Scraped caption text data
Start of Block

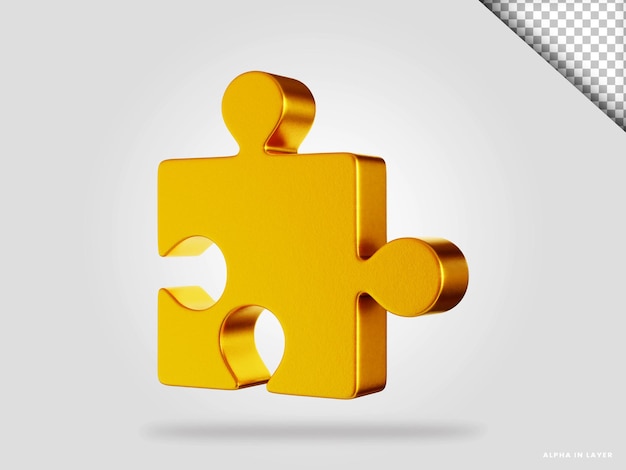 PSD golden puzzle 3d render illustration isolated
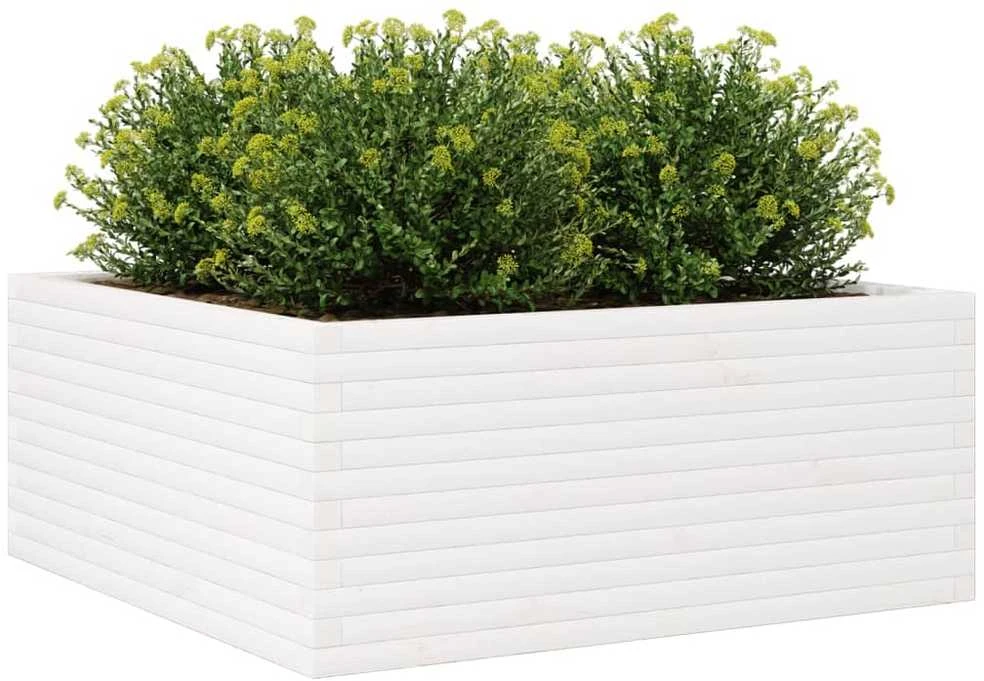 Sodo lovelis, baltas, 110x110x46cm, pušies medienos masyvas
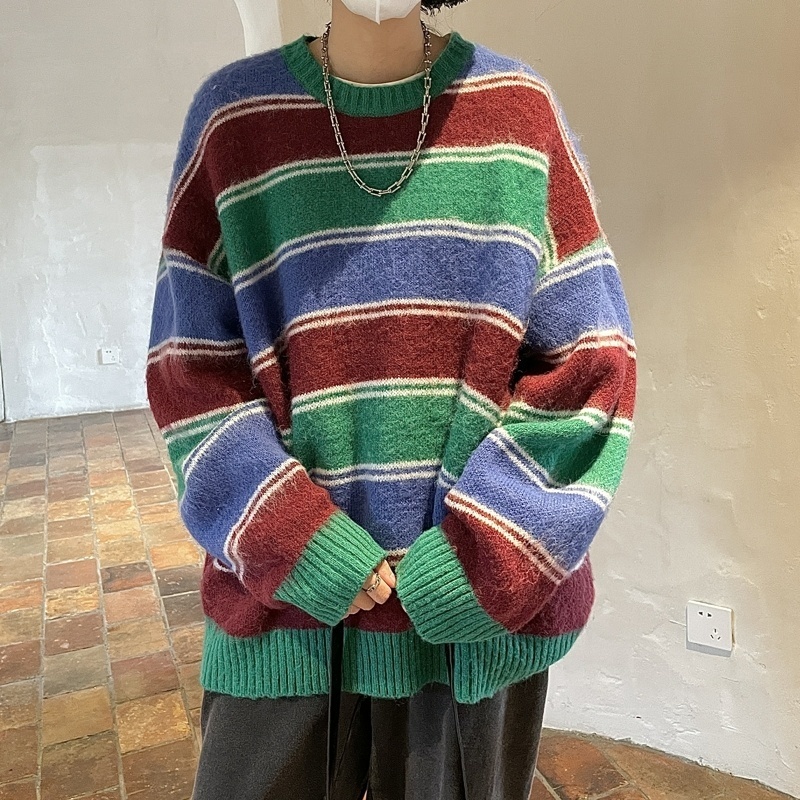 

Men's Sweaters Winter Stripe Sweater Men Warm Fashion Casual Knit Pullover Men Korean Loose Oversize Long Sleeve Sweater Mens Jumper Clothes 221128, Coffee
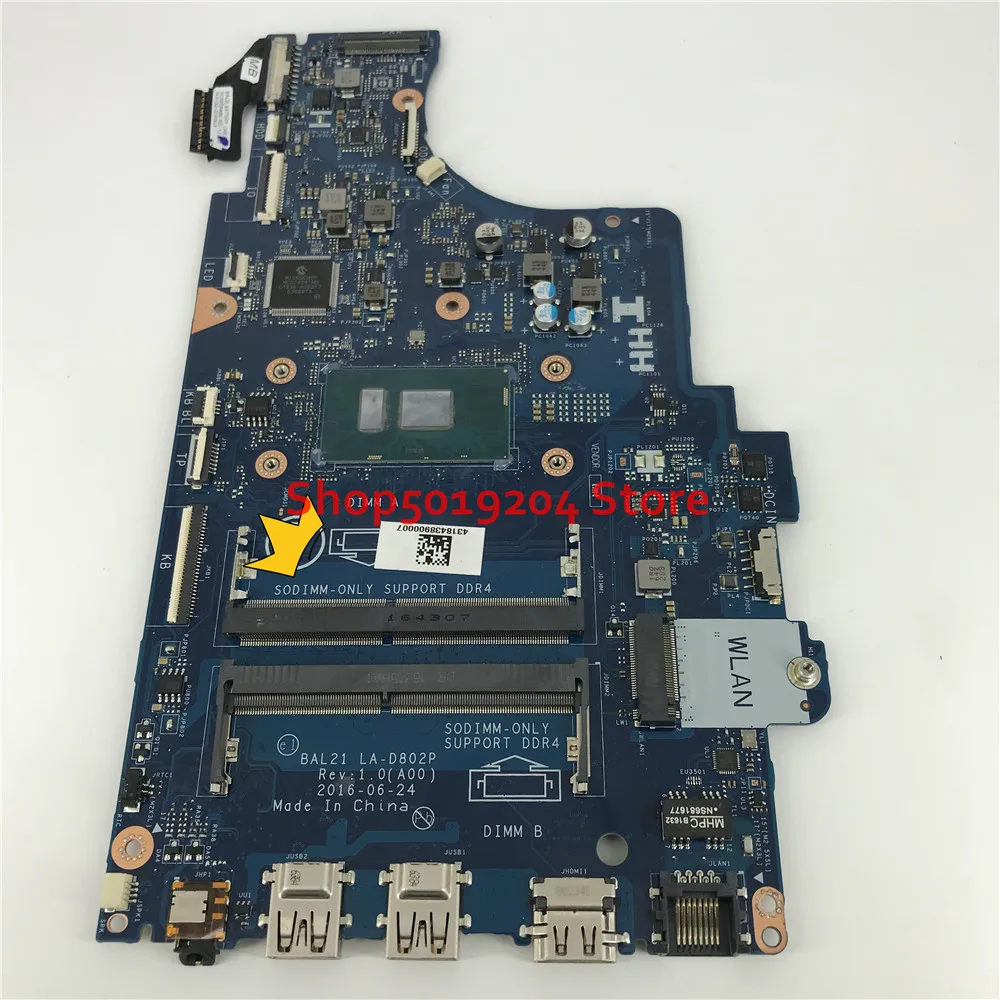 Для DELL Inspiron 15 5567 5767 материнская плата портативного компьютера с i5-7200U DDR4 CN-0DG5G3 0DG5G3 DG5G3 материнская плата BAL21 LA-D802P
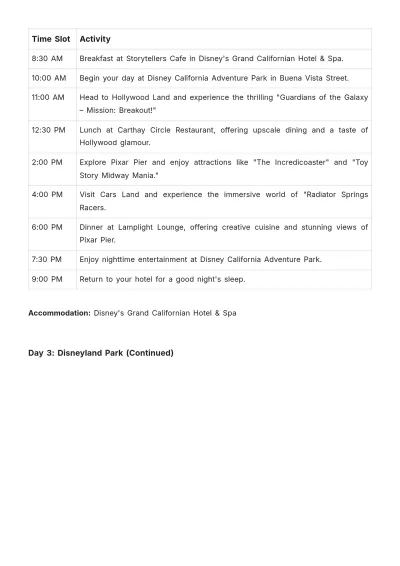 Free 3 Day Disneyland Itinerary Template to Edit Online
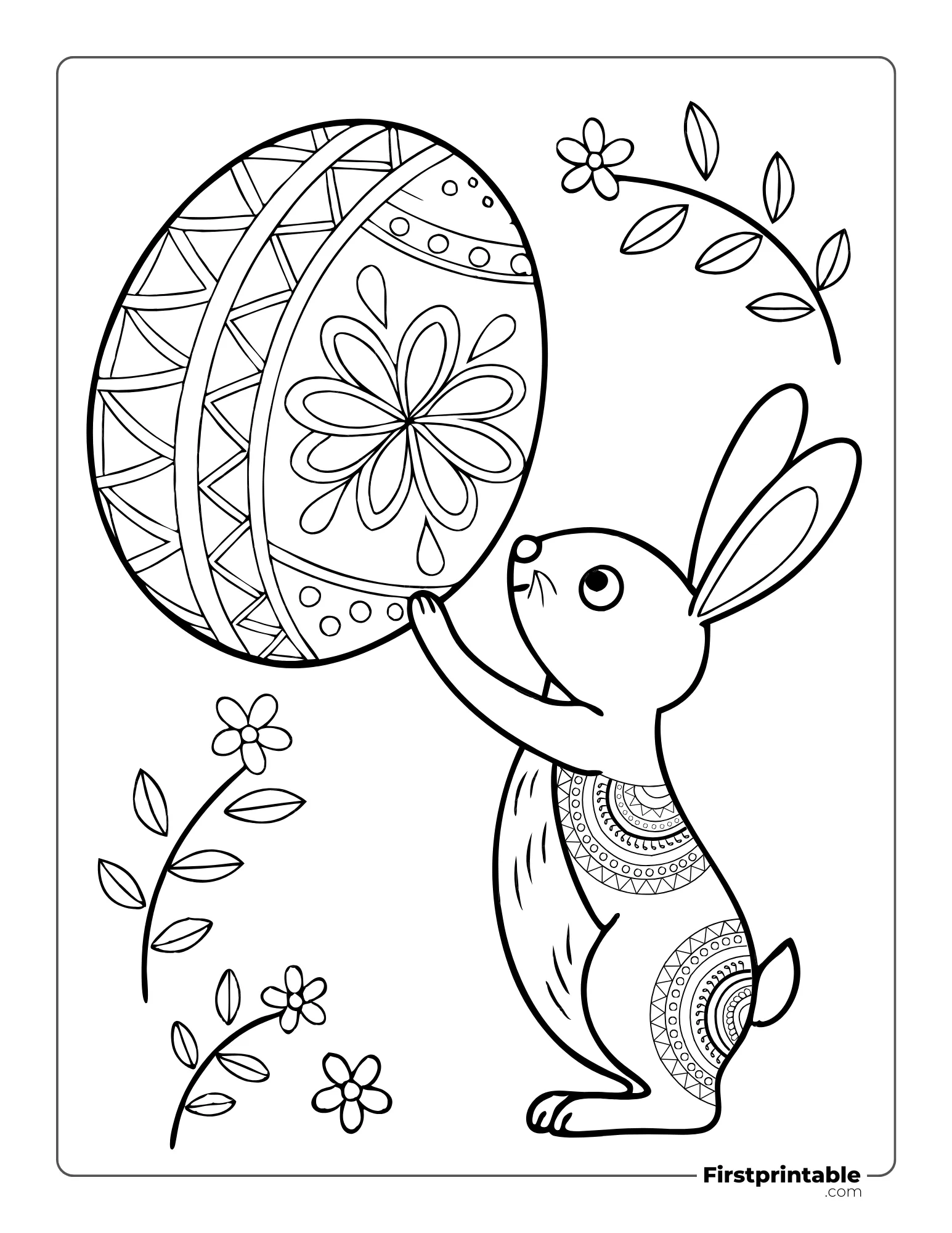  Bunny and Egg - Mandala Design - For Adults to Color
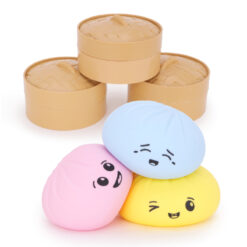 Toyland® Squishy Bao Dumpling Sensory Toy With Plastic Steamer Box - Fidget Toy for Kids - 3 Designs Available, 1 Chosen At Random - Ages 3+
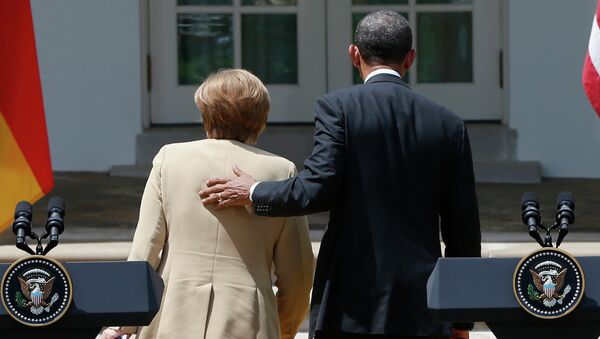 Федеральный канцлер Германии Ангела Меркель и Президент Соединенных Штатов Америки (США) Барак Обама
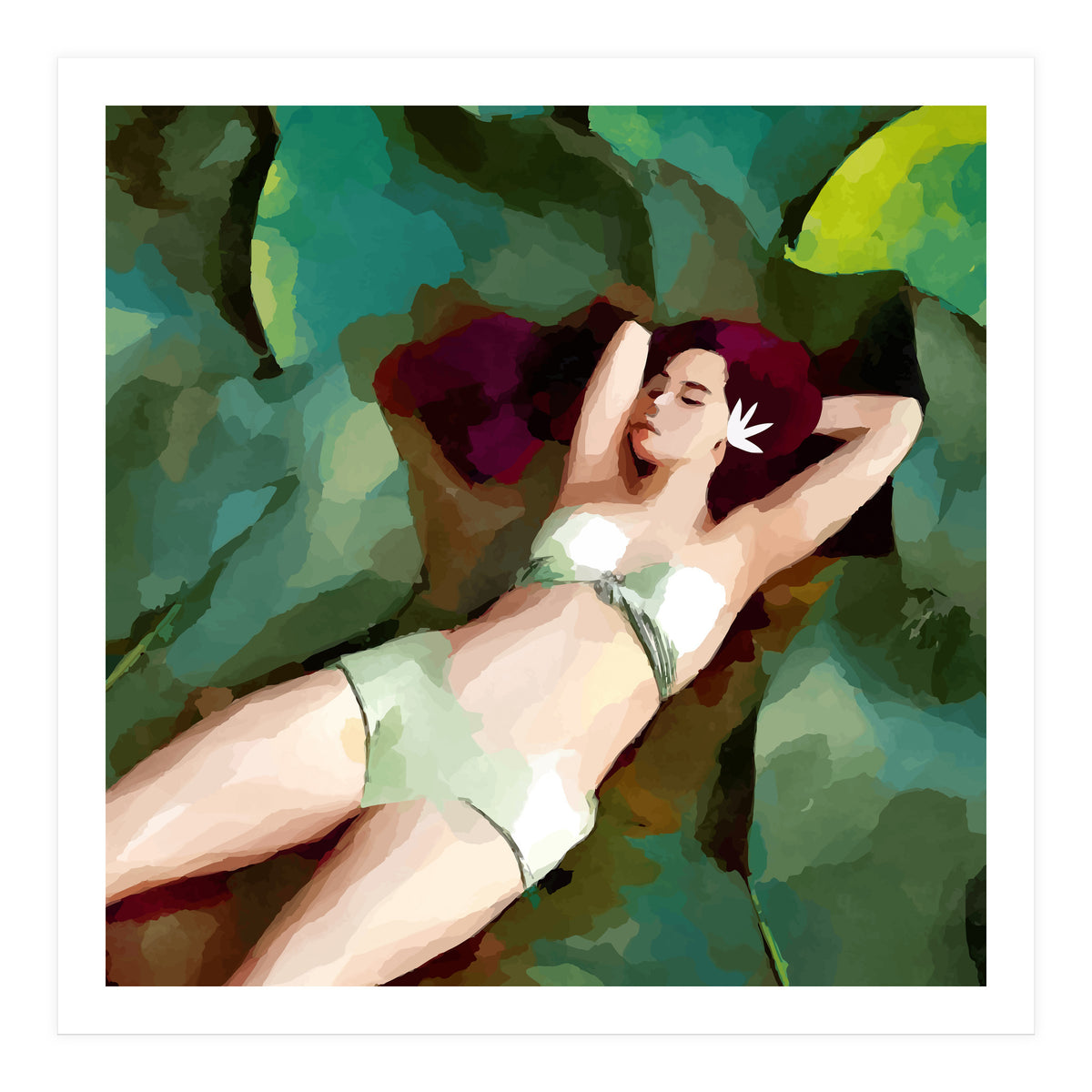 The Moment of Peace, Girl Woman on Lotus Leaf, Tropical Nature Botanical Watercolor Bohemian Painting (Print Only)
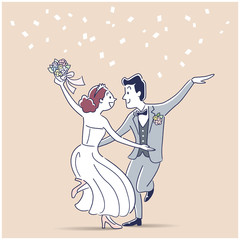 Illustration material: men and women to marry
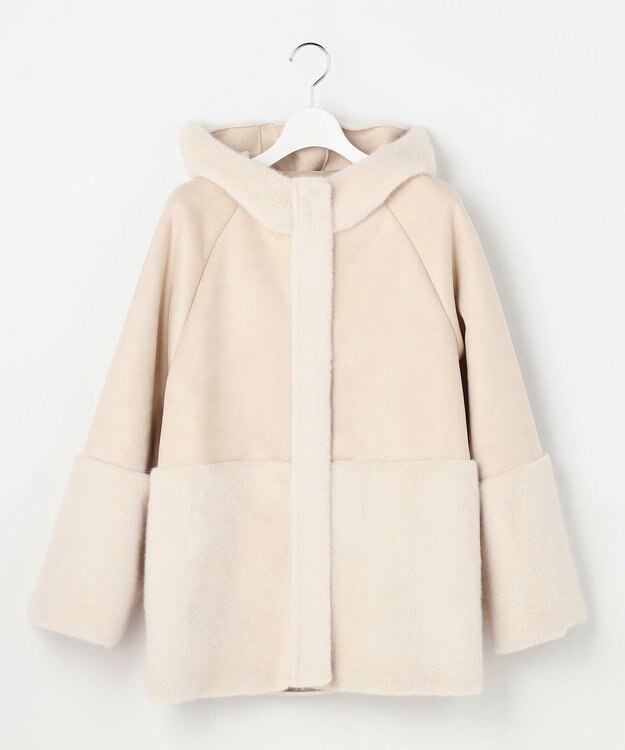 ANY SIS Luxuryフェイクムートン コート アイボリー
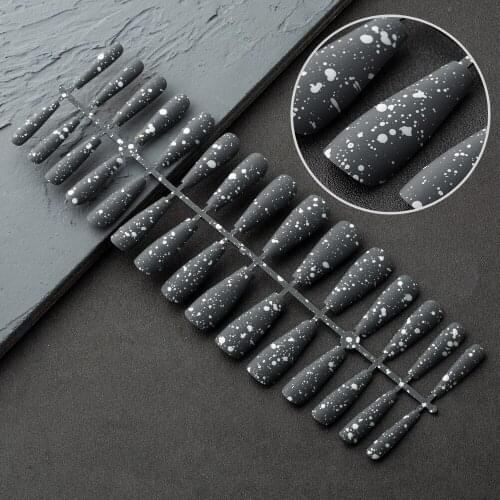 30 Pcs Milk Snowflake White Ballet Coffin Fake Nails Fashion Black Press On Nail Tips Colorful Wearable Fake Nail Manicure Tools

End of Block

Work to complete -
Give back an exact repeat of the lines from the top of the data through the line that holds "Федеральный канцлер Германии", both included, and omit pictures.

Solution -
 PSD golden puzzle 3d render illustration isolated
 Sodo lovelis, baltas, 110x110x46cm, pušies medienos masyvas

Men's Sweaters Winter Stripe Sweater Men Warm Fashion Casual Knit Pullover Men Korean Loose Oversize Long Sleeve Sweater Mens Jumper Clothes 221128, Coffee
 Для DELL Inspiron 15 5567 5767 материнская плата портативного компьютера с i5-7200U DDR4 CN-0DG5G3 0DG5G3 DG5G3 материнская плата BAL21 LA-D802P
 Free 3 Day Disneyland Itinerary Template to Edit Online
  Bunny and Egg - Mandala Design - For Adults to Color
 Toyland® Squishy Bao Dumpling Sensory Toy With Plastic Steamer Box - Fidget Toy for Kids - 3 Designs Available, 1 Chosen At Random - Ages 3+
 Федеральный канцлер Германии Ангела Меркель и Президент Соединенных Штатов Америки (США) Барак Обама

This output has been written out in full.